A carta, entregue por uma delegação da Federação Nacional dos Professores (Fenprof), da Associação de Bolseiros de Investigação Científica (ABIC), da Rede de Investigadores Contra a Precariedade e do Sindicato Nacional e Democrático dos Professores (Sindep), foi recebida por um assessor de António Costa.

A entrega da missiva dirigida ao primeiro-ministro ocorreu horas depois de o ministro da Ciência, Tecnologia e do Ensino Superior, Manuel Heitor, ter assegurado no parlamento o financiamento necessário para cumprir o programa de regularização dos vínculos laborais precários no Estado e ter admitido estar a analisar a situação de instituições como as universidades de Évora, dos Açores, do Minho e do Algarve, que alegaram insuficiência financeira.

"Viemos chamar a atenção que sem uma dotação orçamental, a ser prevista no Orçamento para 2019, que vá acorrer às despesas que este processo tem, este programa vai ser um desastre", afirmou aos jornalistas, em frente à residência de São Bento, o coordenador do Departamento do Ensino Superior e Investigação da Fenprof, João Cunha Serra, referindo-se ao Programa de Regularização Extraordinária de Vínculos Precários na Administração Pública (PREVPAP).

Na carta dirigida a António Costa, as quatro organizações subscritoras assinalam que, entre os mais de três mil requerimentos, apenas 161 professores universitários e investigadores obtiveram parecer favorável para a regularização dos seus vínculos.

"Estamos muito preocupados com o curso que está a ter o PREVPAP, porque se isto continua assim vai ser um completo logro, uma frustração", advogou João Cunha Serra.

Fenprof, ABIC, Sindep e Rede de Investigadores Contra a Precariedade sustentam na carta que os "161 trabalhadores" propostos para regularização "incorrem no risco" de não terem a sua situação laboral resolvida porque "as instituições a que pertencem não dispõem de meios financeiros" para garantir o pagamento do correspondente salário.

Em agosto, o Conselho de Reitores das Universidades Portuguesas e o Conselho Coordenador dos Institutos Superiores Politécnicos alegaram falta de reforço de verbas na proposta do Orçamento do Estado para 2019 para suportar os encargos resultantes da regularização de vínculos laborais precários.

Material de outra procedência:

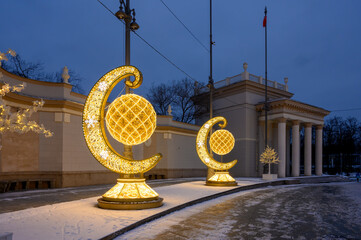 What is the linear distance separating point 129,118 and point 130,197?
247 cm

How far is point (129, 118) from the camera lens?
31.1 ft

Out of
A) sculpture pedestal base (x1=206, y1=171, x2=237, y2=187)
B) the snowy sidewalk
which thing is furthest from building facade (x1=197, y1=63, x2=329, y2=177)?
the snowy sidewalk

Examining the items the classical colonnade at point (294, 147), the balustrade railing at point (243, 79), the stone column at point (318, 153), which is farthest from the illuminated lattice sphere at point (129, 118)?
the stone column at point (318, 153)

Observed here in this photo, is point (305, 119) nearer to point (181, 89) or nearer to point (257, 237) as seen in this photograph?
point (181, 89)

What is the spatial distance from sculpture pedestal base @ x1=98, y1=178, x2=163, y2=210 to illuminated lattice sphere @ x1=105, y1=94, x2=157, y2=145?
1412 mm

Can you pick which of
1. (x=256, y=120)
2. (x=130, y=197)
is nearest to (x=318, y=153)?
(x=256, y=120)

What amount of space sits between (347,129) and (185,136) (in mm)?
44645

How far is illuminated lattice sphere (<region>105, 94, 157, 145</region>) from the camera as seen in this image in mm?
9484

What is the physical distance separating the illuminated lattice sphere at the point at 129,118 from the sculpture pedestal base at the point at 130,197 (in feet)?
4.63

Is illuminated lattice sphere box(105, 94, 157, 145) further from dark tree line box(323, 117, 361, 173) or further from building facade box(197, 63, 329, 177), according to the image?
dark tree line box(323, 117, 361, 173)

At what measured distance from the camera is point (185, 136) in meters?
29.0

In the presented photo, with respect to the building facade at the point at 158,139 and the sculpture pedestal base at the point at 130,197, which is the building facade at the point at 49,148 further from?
the sculpture pedestal base at the point at 130,197

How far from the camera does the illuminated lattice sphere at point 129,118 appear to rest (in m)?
9.48

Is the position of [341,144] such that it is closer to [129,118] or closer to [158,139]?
[158,139]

Na altura, os reitores realçaram ainda que a proposta de Orçamento do Estado para o próximo ano não inclui verbas para pagar a contratação de bolseiros não financiados pela Fundação para a Ciência e Tecnologia (FCT), que a ABIC estima em cerca de 200.

"Não podemos aceitar que os bolseiros sejam arma de arremesso entre as instituições e o ministério e o Governo, e é isso que se tem verificado", lamentou a vice-presidente da ABIC, Marta Matos, queixando-se de um "boicote muito feroz" das universidades à aplicação da lei do emprego científico, que permite a substituição de bolsas de pós-doutoramento por contratos de trabalho até um máximo de seis anos.

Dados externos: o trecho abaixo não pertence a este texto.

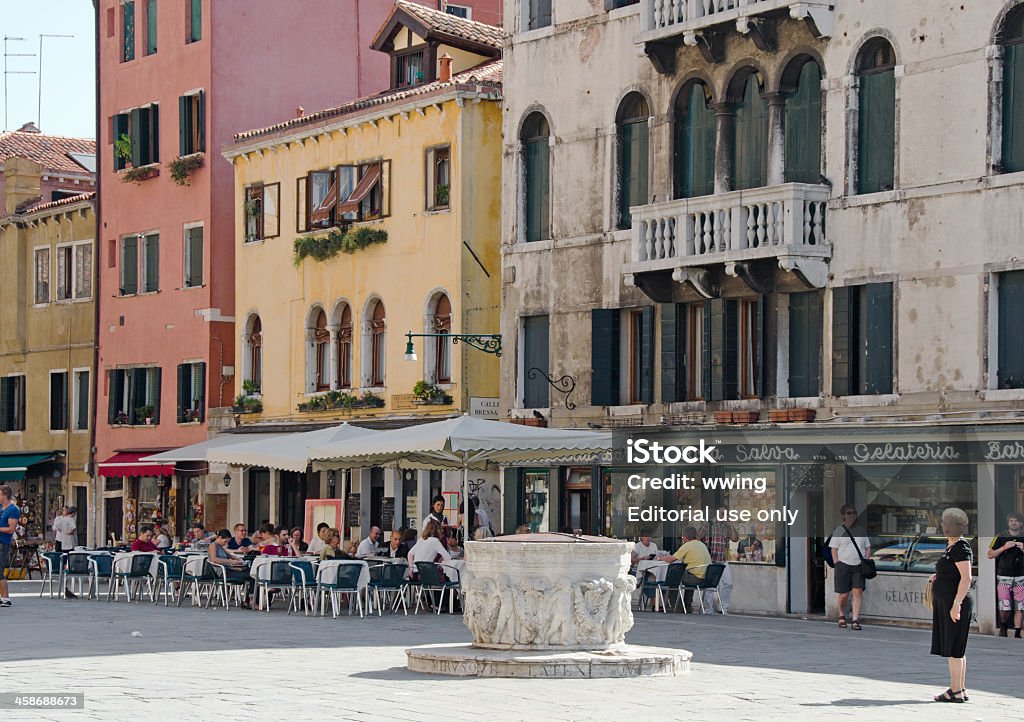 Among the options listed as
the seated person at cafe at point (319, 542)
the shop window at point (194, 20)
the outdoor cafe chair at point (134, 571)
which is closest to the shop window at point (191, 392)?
the shop window at point (194, 20)

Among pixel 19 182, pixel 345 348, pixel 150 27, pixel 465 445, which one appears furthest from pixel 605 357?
pixel 19 182

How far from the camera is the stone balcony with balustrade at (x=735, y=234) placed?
2720cm

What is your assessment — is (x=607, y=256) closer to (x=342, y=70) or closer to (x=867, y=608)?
(x=867, y=608)

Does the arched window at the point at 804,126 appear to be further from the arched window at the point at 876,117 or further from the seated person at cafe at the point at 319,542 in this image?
the seated person at cafe at the point at 319,542

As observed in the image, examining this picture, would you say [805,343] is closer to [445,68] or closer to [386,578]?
[386,578]

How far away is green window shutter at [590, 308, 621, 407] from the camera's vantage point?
31078 millimetres

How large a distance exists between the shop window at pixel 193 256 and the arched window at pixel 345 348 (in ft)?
16.9

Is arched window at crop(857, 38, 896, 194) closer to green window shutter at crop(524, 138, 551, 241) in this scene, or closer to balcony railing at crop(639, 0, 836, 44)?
balcony railing at crop(639, 0, 836, 44)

Marta Matos salientou a abertura de concursos de contratação "fora de prazo" e pediu a abertura de concursos para os bolseiros abrangidos pela lei, mas que não são financiados pela FCT.

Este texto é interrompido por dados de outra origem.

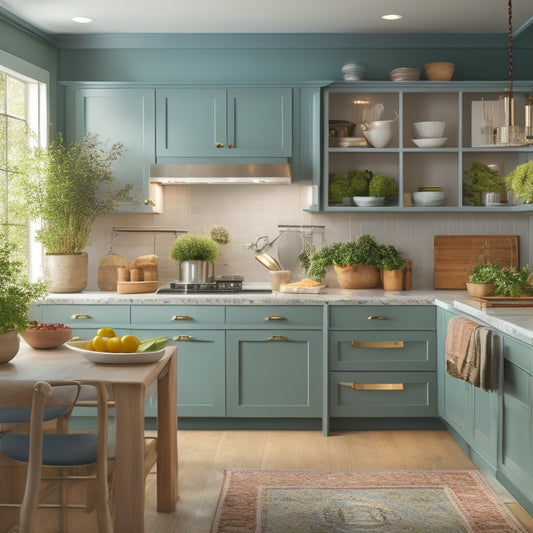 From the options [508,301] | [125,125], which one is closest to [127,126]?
[125,125]

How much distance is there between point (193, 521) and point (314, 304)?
1810 millimetres

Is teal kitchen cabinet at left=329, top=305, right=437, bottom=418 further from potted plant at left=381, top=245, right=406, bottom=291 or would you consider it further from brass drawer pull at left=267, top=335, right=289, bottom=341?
potted plant at left=381, top=245, right=406, bottom=291

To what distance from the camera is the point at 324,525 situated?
335 centimetres

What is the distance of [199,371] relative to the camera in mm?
4832

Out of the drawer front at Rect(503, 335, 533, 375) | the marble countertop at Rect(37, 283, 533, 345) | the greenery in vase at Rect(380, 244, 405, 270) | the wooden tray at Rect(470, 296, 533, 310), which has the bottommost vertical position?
the drawer front at Rect(503, 335, 533, 375)

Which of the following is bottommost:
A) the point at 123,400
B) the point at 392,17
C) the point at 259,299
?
the point at 123,400

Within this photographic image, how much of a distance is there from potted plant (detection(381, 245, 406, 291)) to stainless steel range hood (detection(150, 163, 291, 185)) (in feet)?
2.91

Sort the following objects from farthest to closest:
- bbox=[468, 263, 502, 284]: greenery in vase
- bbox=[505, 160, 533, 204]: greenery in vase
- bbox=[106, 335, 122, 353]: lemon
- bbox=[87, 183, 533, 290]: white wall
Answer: bbox=[87, 183, 533, 290]: white wall → bbox=[505, 160, 533, 204]: greenery in vase → bbox=[468, 263, 502, 284]: greenery in vase → bbox=[106, 335, 122, 353]: lemon

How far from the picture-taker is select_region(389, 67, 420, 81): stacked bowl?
5207 mm

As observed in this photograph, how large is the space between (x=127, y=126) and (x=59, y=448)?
2.97 meters

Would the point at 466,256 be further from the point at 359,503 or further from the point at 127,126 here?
the point at 127,126

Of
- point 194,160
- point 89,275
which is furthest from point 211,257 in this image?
point 89,275

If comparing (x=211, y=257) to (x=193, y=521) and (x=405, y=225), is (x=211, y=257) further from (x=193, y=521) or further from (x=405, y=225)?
(x=193, y=521)

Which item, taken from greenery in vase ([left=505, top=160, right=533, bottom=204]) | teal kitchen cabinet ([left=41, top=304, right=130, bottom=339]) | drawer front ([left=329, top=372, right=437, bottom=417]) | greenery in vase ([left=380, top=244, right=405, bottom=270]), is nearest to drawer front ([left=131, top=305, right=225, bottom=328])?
teal kitchen cabinet ([left=41, top=304, right=130, bottom=339])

"Sentimos que da tutela também não tem havido a capacidade para forçar, aplicar uma lei", defendeu aos jornalistas.

Invocando a autonomia das universidades, o ministro da Ciência, Tecnologia e do Ensino Superior, Manuel Heitor, tem argumentado que ao Governo cabe usar "a persuasão".

O pacote de reivindicações da ABIC e da Rede de Investigadores Contra a Precariedade engloba também a reposição de subsídios retirados aos bolseiros científicos, a atualização do valor das bolsas de investigação e a integração na carreira dos precários a cumprirem necessidades permanentes há vários anos.